順調に審査が進めば2025年3~4月にもIPO(新規株式公開)が実現する見通し。時価総額は7000億円を超えるとみられ、今月23日に上場予定の東京メトロ(東京地下鉄、時価総額約7000億円弱)を上回る大型上場となる。
ENEOSHDは保有JX金属株の50%超を放出する見込み。JX金属は持ち分法適用会社となってひとまず“親元”を離れる。
親会社は買収した再生可能エネルギー専業のジャパン・リニューアブル・エナジー会長も含め、22年から3年連続で経営トップが女性に対する「ハレンチ行為」で辞任・解任されるなど不祥事を連発してきた。業界内では「再生不能エネルギー会社」といったヤユも飛び交っているほど。JX金属もそうした風評被害の渦中に巻き込まれてきただけに「これでようやくイメージ刷新へのスタートが切れる」と胸をなで下ろす社員も少なくない。
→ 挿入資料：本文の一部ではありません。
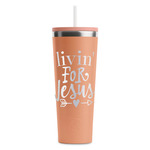 Religious Quotes and Sayings RTIC Everyday Tumbler with Straw - 28oz - Peach - Double-Sided
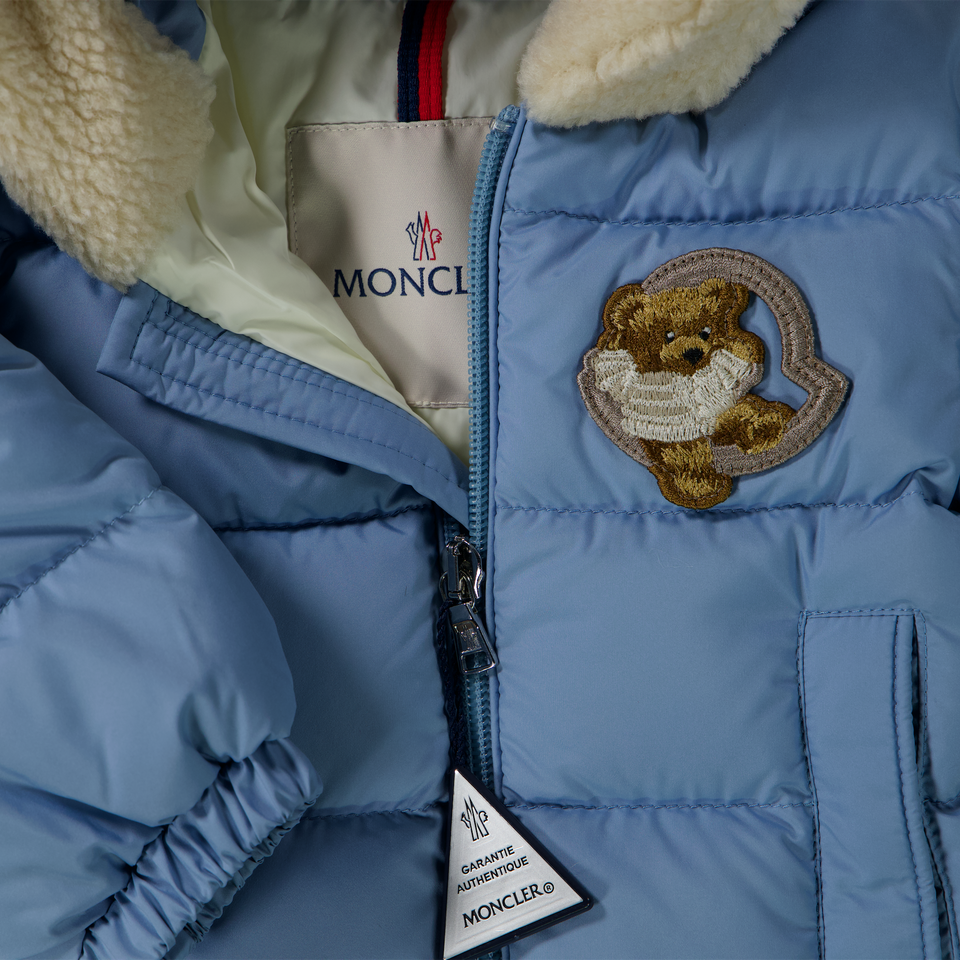 Moncler Kesimur Baby Chicos Chaqueta de invierno Azul Claro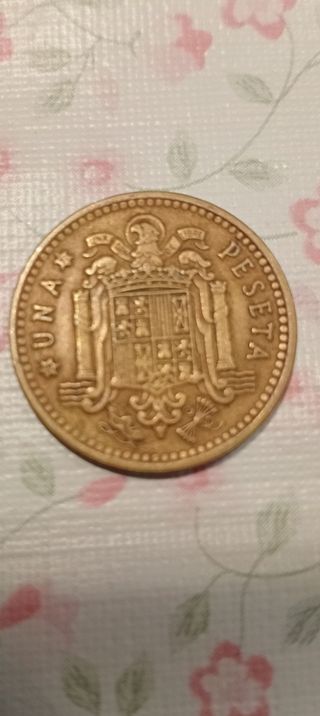 Moneda 1 Peseta 1966 Francisco Franco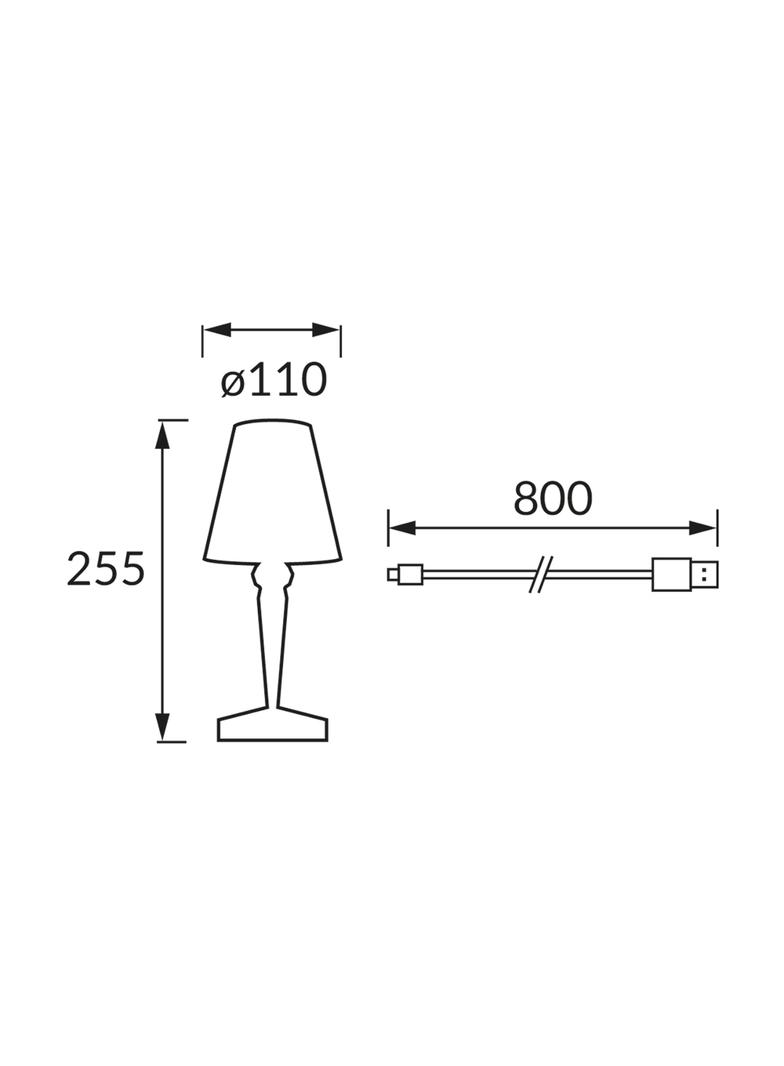 Lampka stołowa SMD LED DABI LED CRYSTAL WW CW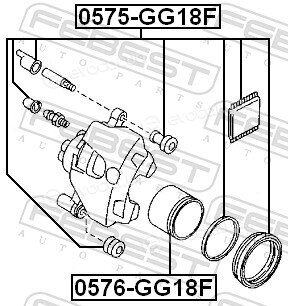 Febest 0575-GG18F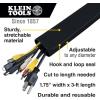 imageKlein Tools 450320 Cable Management Sleeve Cord Management for Home Office or Job 114Inch Max Diameter 3Foot Length Black 2Pack175 Sleeve 2Pack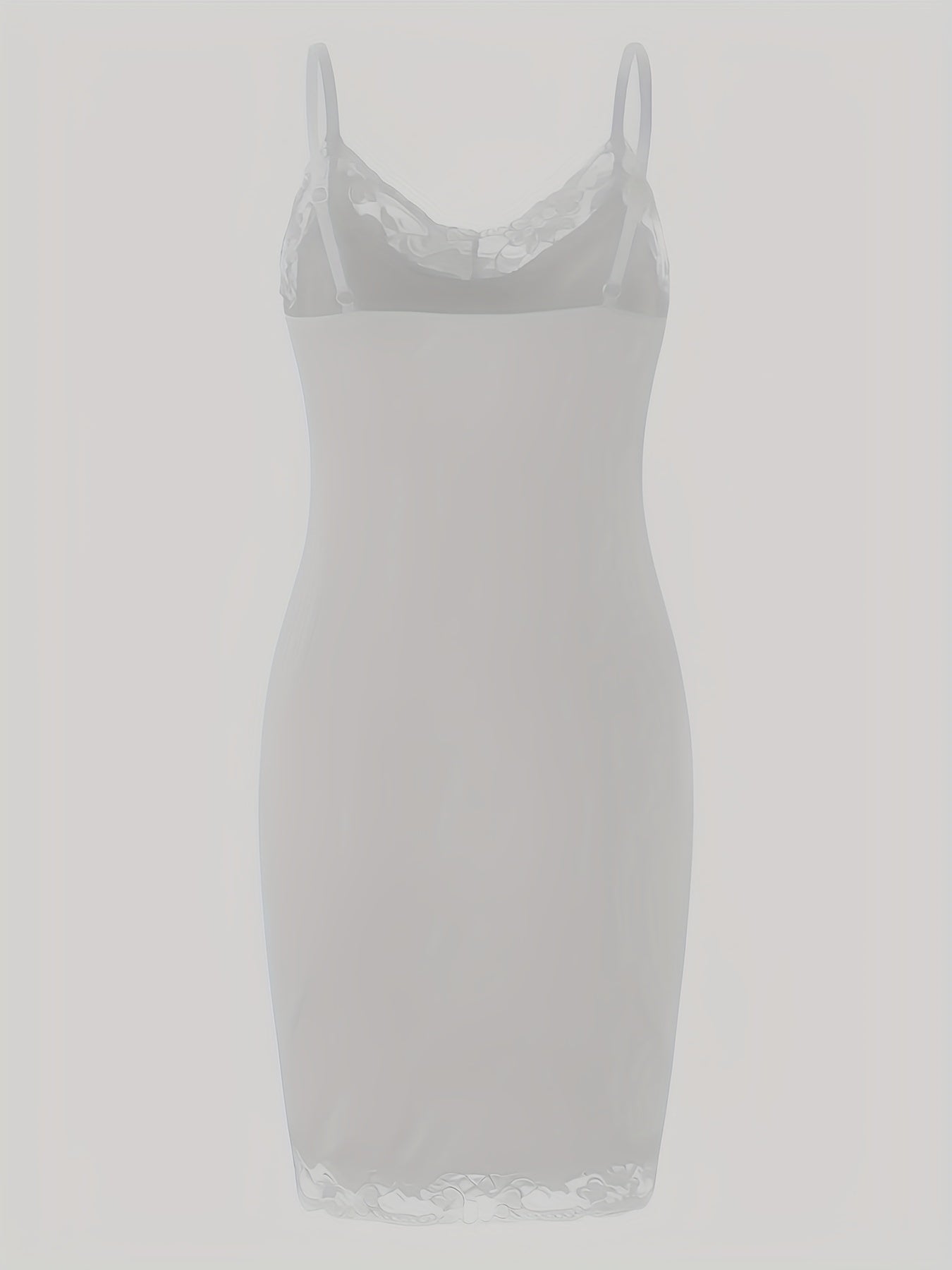 Solid Nightdress V Neck Spaghetti Strap Sleep Dress Women's Sleepwear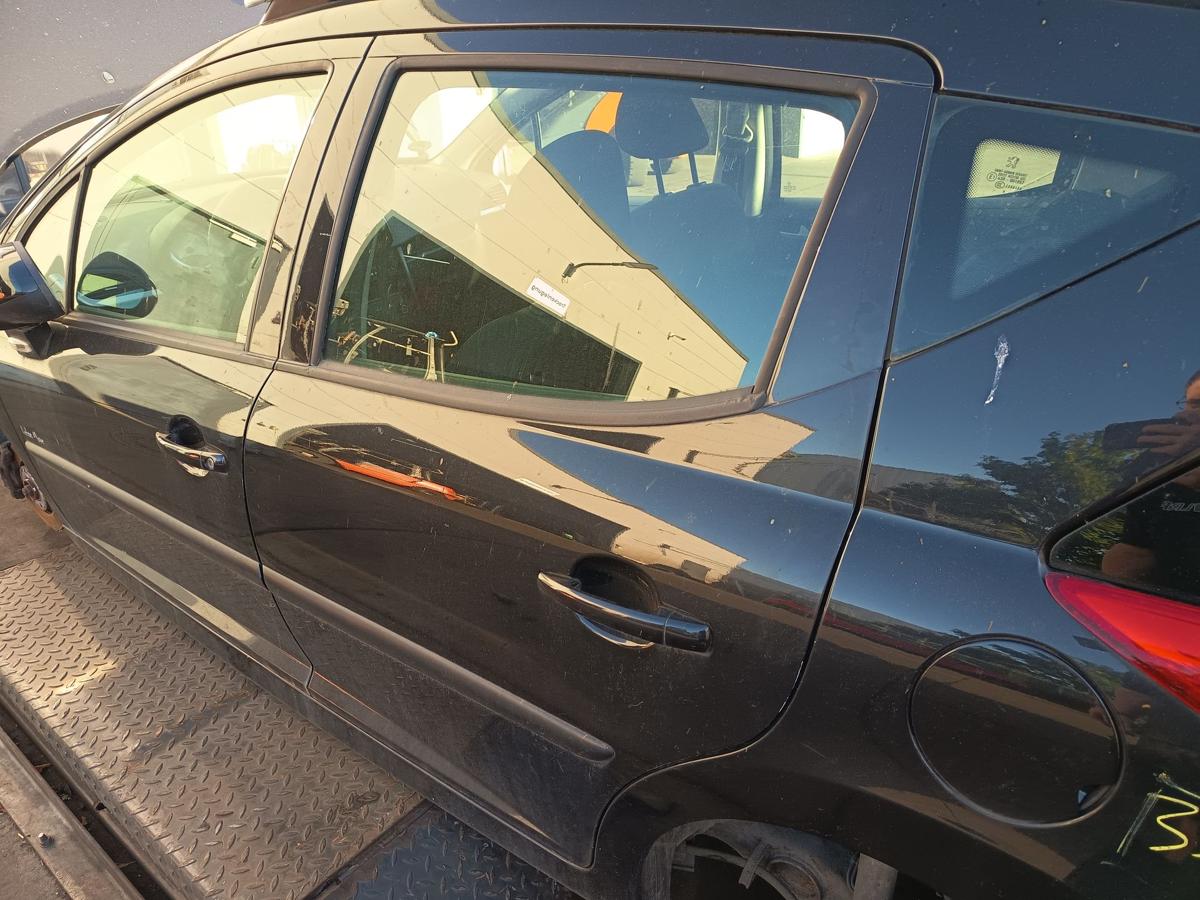 Peugeot 207SW original T&uuml;r Roht&uuml;r hinten links EXL schwarz Baujahr 2009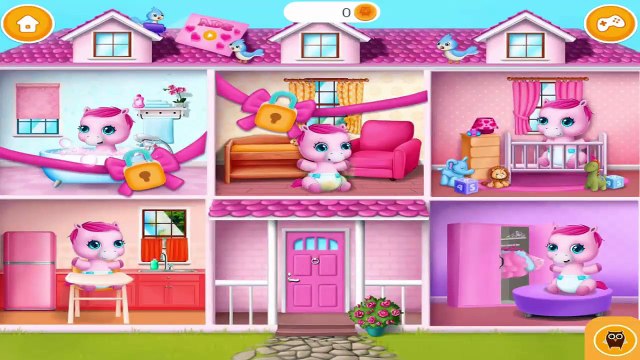 Fun Pet Care Kids Games Baby Play & Learn Colors Pony Sisters Baby Horse Care Game for Girls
出世への期待感も漏れてくる。ENEOSHDは旧日本石油が中核となり、業界再編を主導する形で誕生した。それだけに旧日石勢、それも人事畑出身の営業経験者が幅を利かせ、「我が世の春を謳歌してきた」(事情通)。IPOによりそんな旧日石のくびきからも「部分的に解放される」(JX金属関係者)というわけだ。
■足を引っ張るチリの銅山開発プロジェクト
一方で財務上のリスクに直接さらされることへの懸念の声も上がる。JX金属は主力の銅事業でたびたび多額の損失を出し、その後始末を親会社の資本基盤の厚みに頼ってきた。
中でも足を引っ張ったのが6000億円以上をつぎ込んだチリのカセロネス銅山開発プロジェクト。生産トラブルなどで複数回にわたって減損計上を強いられ、苦境に立たされた。
権益の一部を売却したことで現在はリスクが軽減されているとはいえ、銅市況とその需要動向によっては業績が大きく左右されかねない。損失処理をすべて「親任せ」にすることは許されなくなる。
同社では6割の世界シェアを誇る半導体の薄膜材料などに事業の軸足を移して成長を手繰り寄せていく方針だが、道筋はなお不透明だ。